The Best Of The Great – Remembering Sam Manekshaw On His Birth Anniversary

The Logical Indian

April 3rd, 2018 / 11:16 AM

Courtesy: Wikipedia, The Quint | Image Source: In Today

He was close to pursuing medicine until destiny had its final word, Sam Manekshaw went on to become the first-five star Field Marshal of India besides leading courageously and tactfully in all the wars he had been part of. In four decades of service, he participated in five wars – World War II, India-Pakistan war of 1947, the Sino-Indian war of 1962, India- Pakistan war of 1965 and the Bangladesh Liberation War of 1971. He was also awarded the Padma Vibhushan and Padma Bhushan.

Glorious military career spanning four decades

He was born on April 3, 1914, to Parsi parents at Amritsar, Punjab. The initial plan was to pursue medicine and become a doctor, however, as an act of rebellion against his father’s refusal to send him to London to study medicine, Manekshaw applied for admission to the Indian Military Academy (IMA). Out of the 15 cadets selected through an open competition, he stood six in the order of merit.

He along with the other cadets formed the first batch to be trained at IMA in 1932.

Sam Manekshaw’s stint in the Indian Military is unparalleled. His distinguished military career spanned four decades and five wars, including participating in the World War II, while being attached to the British Indian Army. He is the first Indian Army officer to be promoted to the highest rank of Field Marshal.

Manekshaw went on to be the 8th Chief of Staff of the Indian Army in 1969.

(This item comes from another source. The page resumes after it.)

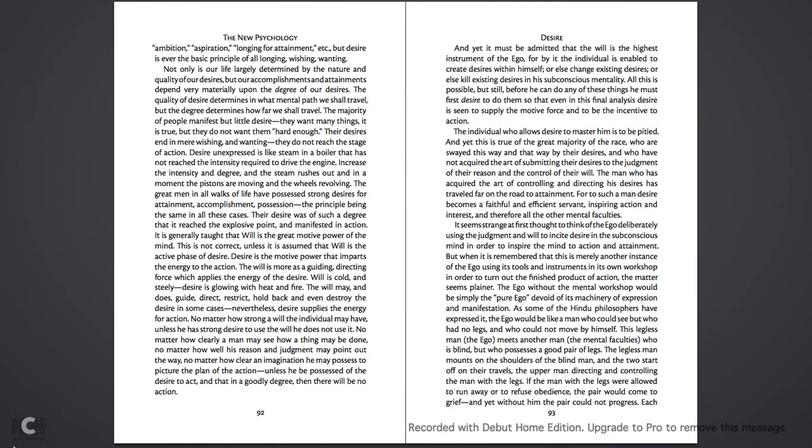The individual who allows desire to master him is to be pitied. And yet, this is true of the great majority of the race, who are swayed this way and that way by their desires, and who have not acquired the art of submitting their desires to the judgment of their reason and the control of their will. The man who has acquired the art of controlling and directing his desires has traveled far on the road to attainment. For to such a man, desire becomes a faithful and efficient servant, inspiring action and interest, and therefore all the other mental faculties.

Pakistan surrenders and Bangladesh is born

Sam’s years of military experience were soon put to the test as India decided to help the Mukti Bahini rebels against West Pakistani forces. But whether India was equipped to deal with the war was another question. Sam made it clear that India was not ready based on the ammunition and soldiers available at that time. Subsequently, Indira Gandhi refused Sam’s resignation, Sam then would guarantee a victory in the war if he would be allowed to prepare for the conflict on his terms and set a date for it. Indira Gandhi accepted the terms and the rest was history.

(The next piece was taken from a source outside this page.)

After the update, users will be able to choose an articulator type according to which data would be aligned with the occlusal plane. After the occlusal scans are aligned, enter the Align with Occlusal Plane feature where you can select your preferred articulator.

India joined the Bangladesh Liberation war in 1971, after Pakistan launched preemptive air strikes over North India. The subsequent Indo-Pakistani war was fought on two war fronts. When the Indian Army finally went to war in December that year, under Manekshaw’s leadership, it proved victorious against the Pakistan Army. Manekshaw’s first radio message to the Pakistani troops on 9 December 1971 was, “Indian forces have surrounded you. Your Air Force is destroyed. You have no hope of any help from them. Chittagong, Chalna and Mangla ports are blocked. Nobody can reach you from the sea. Your fate is sealed. The Mukti Bahini and the people are all prepared to take revenge for the atrocities and cruelties you have committed…Why waste lives? Don’t you want to go home and be with your children? Do not lose time; there is no disgrace in laying down your arms to a soldier. We will give you the treatment befitting a soldier“.

In a matter of just 13 days, Pakistan surrendered in Dacca (now Dhaka), on December 16, 1971. The war saw more than 90,000 Pakistani soldiers personnel taken as prisoners of war, and it ended with the unconditional surrender of Pakistan’s eastern half, resulting in the birth of Bangladesh as a new nation.

Apart from his great leadership qualities and military expertise, Manekshaw was also known for his quick wit.

Sam eventually died due to complications of Pneumonia and his last words were reported to be “I’m Okay”. Due to the controversies in which Manekshaw was involved post-retirement, it was reported that his funeral lacked VIP representation. No national day of mourning was declared, which is customary for a leader of national importance.

The Logical Indian salutes Sam for his bravery, courage, discipline and determination during his time in the Army and beyond. We will forever remember your contribution to our country and continue to get inspired by your history.